The Mudcat Café TM
Thread #124936   Message #2766947
Posted By: Brian Peters
16-Nov-09 - 09:01 AM
Thread Name: Music of the people..Don't make me laugh
Subject: RE: Music of the people..Don't make me laugh
There seem to be three different discussions going on here, and I must say I've found the exchanges between Jim and Steve very interesting, if ultimately unresolved. There is also the mystery of the tunes, which of course are not usually included in broadside copies and, where specified, are not always appropriate, or representative of tunes collected from singers. Now, if Steve is right and some of these songs were written for stage performance, then they would originally have possessed tunes - but how were these then disseminated? How much did such shows tour outside London?

Like MtheGM, I'm also struck by the fact that most traditional singers who have been questioned as to the sources of their songs said they'd learned them from family members, not from print. There was one singer on the old EFDSS Fred Hamer cassette who described buying broadsides and 'making up' the tunes, but that's a rare example.

Lastly, Steve asked:
"Which copy of 'A Warning to Married Women' ascribes the ballad to Laurence Price please? I have most of the 6 copies but I can't find it."

Dave Atkinson's paper on 'James Harris' in FMJ vol. 5 reproduces a copy of 'A Warning for Married Women' from the Euing Collection (#377) which bears the initials 'L.P.'. Dave A. credits Dave Harker for first attributing the broadside to Price, who was also the author of broadside copies if Child 106 (Famous Flower) and 147 (Robin Hood's Golden Prize).

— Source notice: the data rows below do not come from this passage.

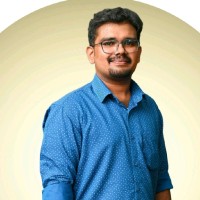 Akhil Masihadas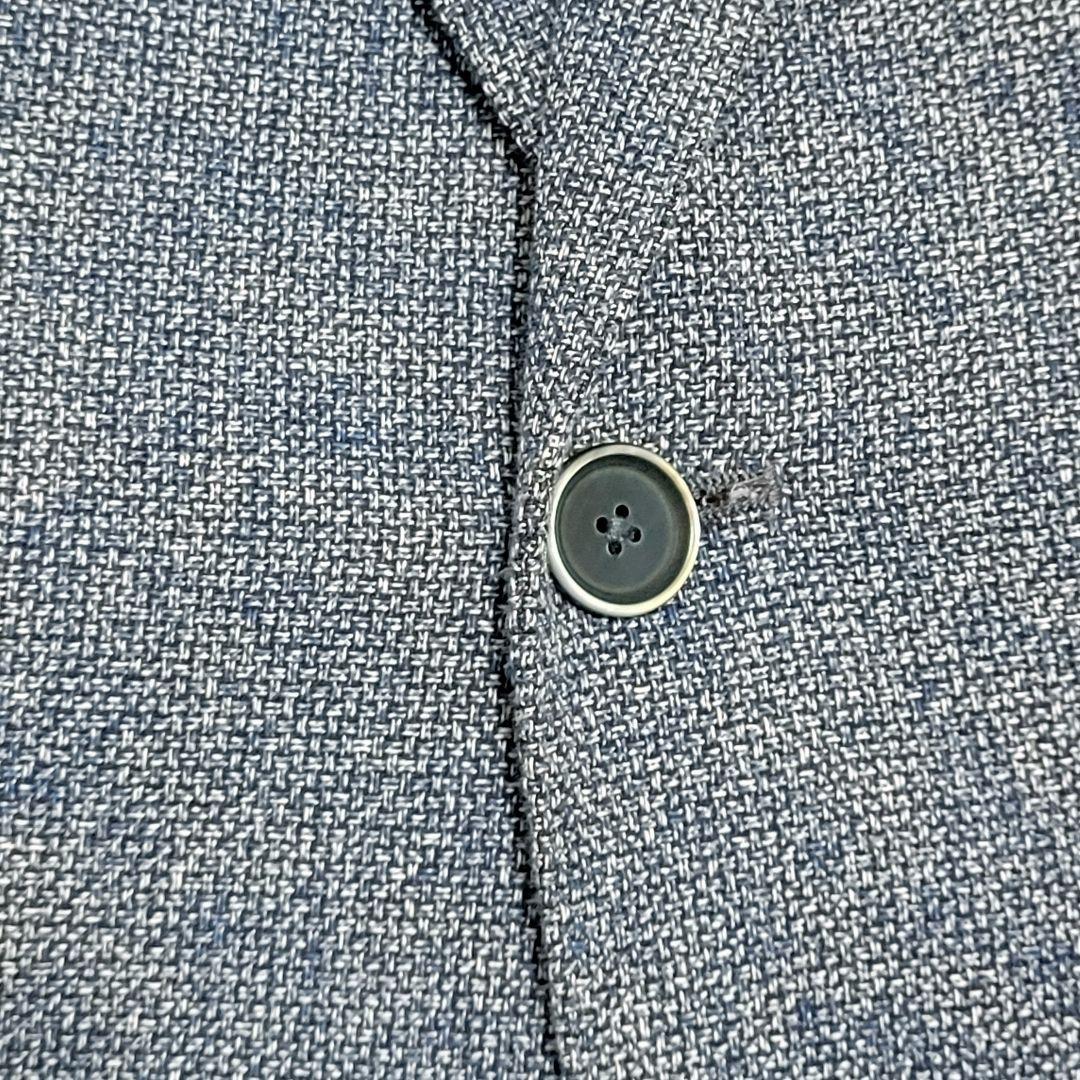 ★user_6810459a様 LARDINI 超高級 テーラードジャケット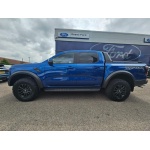 Ford Ranger - 3.0T V6 EcoBoost Raptor Auto 4WD Euro 6 (s/s) 4dr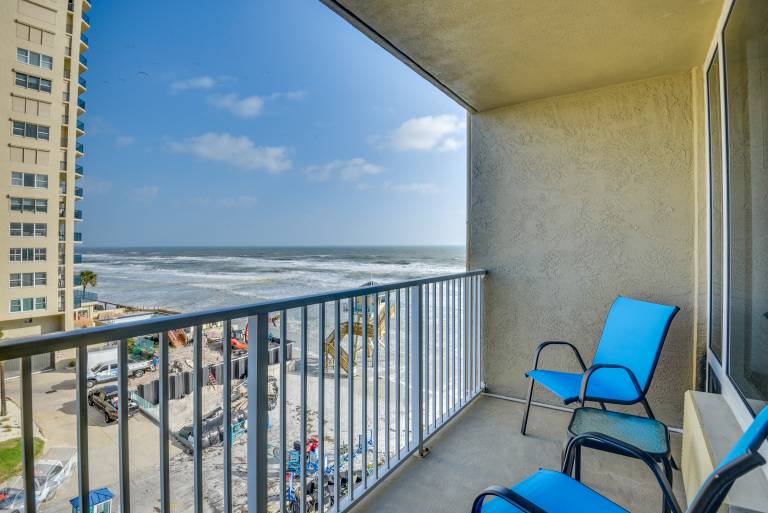 Apartment  Ormond Beach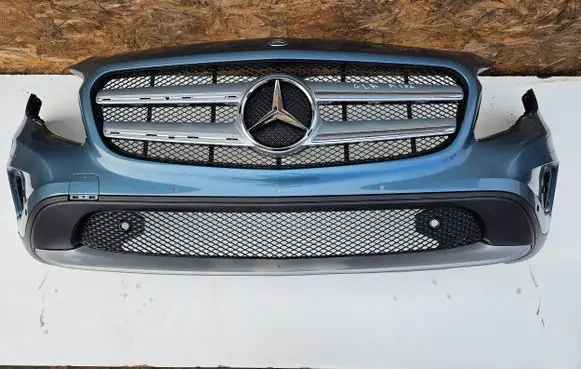 Mercedes-Benz GLA W156 Front bumper A1568850425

The argument that Price's 1657 copy is not the origin of the 'Demon Lover' / 'Housecarpenter' ballad is discussed at length in Clinton Heylin's book 'Dylan's Daemon Lover', a populist and speculative account that does however contain a lot of interesting textual comparison of British and North American broadsides and collected versions. The argument rests on the fact that only a handful of Price's 32 (generally turgid and moralistic) verses correspond with those collected later from oral tradition, which tend to follow more closely the text of Child's 243B, first printed in 1737. Meanwhile, the theme of Price's 'A Warning for Married Women' strongly resembles that of the 1603 broadside 'A Warning for Maidens' (aka 'Bateman'), in which a young woman who has broken a betrothal is carried off by the spirit of her former lover.

The suggestion is that Price rewrote an existing (oral?) 'Ship's Carpenter' ballad using the template of 'A Warning for Maidens' (he even specified 'Bateman' as his tune) but retaining a few verses of the earlier ballad. Baring-Gould and Graves believed likewise that 'A Warning for Married Women' was a self-evident piece of hack bowdlerization. Price was known for adapting existing pieces - Robin Hood's Golden Prize was known as a tale more than a hundred years before he registered it. Atkinson cites a number of other examples of early broadside versions of Child ballads which do not represent those ballads' origins.

How much the tangled histories of centuries-old ballads have to do with the question of whether 'Rounding the Horn' was composed by a sailor with direct experience of Magellan's Straits and the girls of Valparaiso, is another matter. I still prefer to believe that at least some of our folksongs were composed and reworked by sons of the soil, like Uncle Bert told us they were, but I do think we need to take a lot of notice of the research by Steve and others.